There’s also a new device on the market currently intriguing sleep experts. The eXciteOSA is unusual in that it’s a device you wear during the day to stop snoring at night. It electronically stimulates your lolling tongue and collapsing windpipe, ostensibly to retrain you physiologically not to snore at night. Test data done by the manufacturers looks promising.

I check out eXciteOSA’s website, already predisposed against it because of the otiose capitalised X. It looks rather like an electronic version of those throat exercises that had me pronouncing vowels like a latter-day Eliza Doolittle. “Tired of sleeping alone?” asks the website. You’d better believe I am. There’s a picture of a distinguished grey-haired man reading Wallpaper magazine while a gizmo that looks like a cat’s extended tongue dangles goofily from his mouth. Behind him in a living room devoted to what looks like minimalist Danish design is a glamorous woman, presumably his life partner. She is smiling, presumably not just because she’s married to a silver fox but for the first time in years is getting eight hours’ uninterrupted sleep a night.
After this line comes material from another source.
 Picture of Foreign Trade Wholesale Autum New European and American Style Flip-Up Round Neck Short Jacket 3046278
This, Wallpaper notwithstanding, is very much the image of domestic felicity I’m looking forward to enjoying. I am tempted into ordering an eXciteOSA – until I discover it retails at £540.
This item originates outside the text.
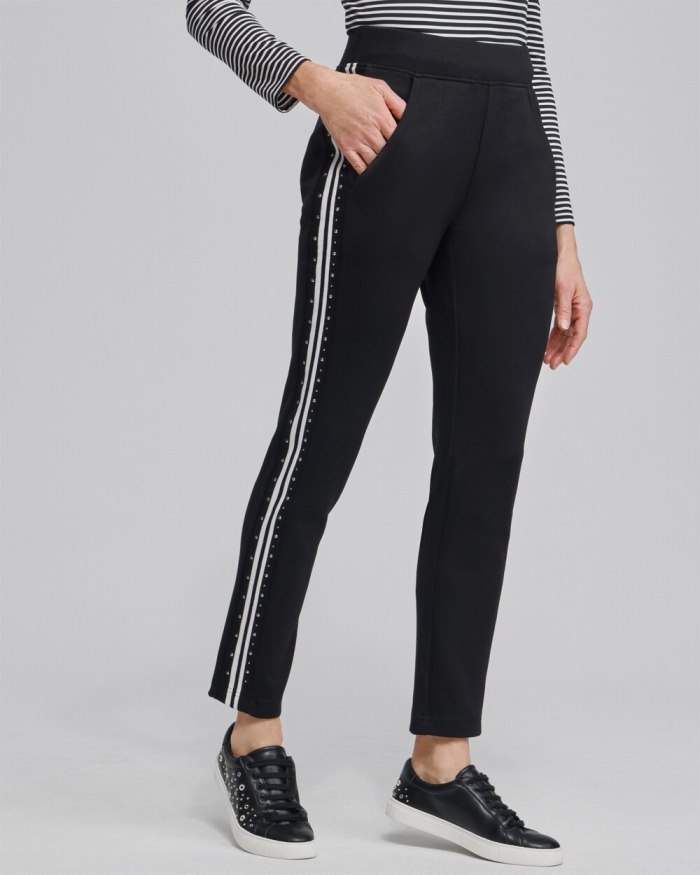 Chicos Zenergy Studded Double Knit Pants - Black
Instead, I dust off the SomnoGuard 3 for another try. After five nights of wearing it, I wake myself up snoring. Clearly it doesn’t work for me.

In despair, I opt for another mandibular splint; the Stop Snoring Mouthpiece, at £44.99, costs less than a 10th of the price of the eXciteORA. Perhaps it was the series of Zzzzs spiralling from the company logo that tempted me. More likely it was the 30-day money back guarantee if the device doesn’t stop my snoring.

When this mouthguard arrives, it looks and feels in the mouth exactly the same as the SomnoGuard 3, but instead of boiling it to fit my mouth, I just pop it in at night. I’ve absolutely no idea why it works better than the SomnoGuard 3, but, for two weeks now, it has. I’m back sleeping with my wife in the proper bed, and no longer disrupting her sleeping with my snoring, though the device hardly makes me look like love’s young dream. It makes all but rudimentary kissing tricky. While my wife slept the other night, I lay awake wondering if this is how it is going to be for the rest of our marriage. Perhaps. The prospect is not so appalling.

And it sure beats the sofa bed.

• This article was amended on 20 July 2022 to remove personal details and comments which were made to the writer in a different context and not intended for publication.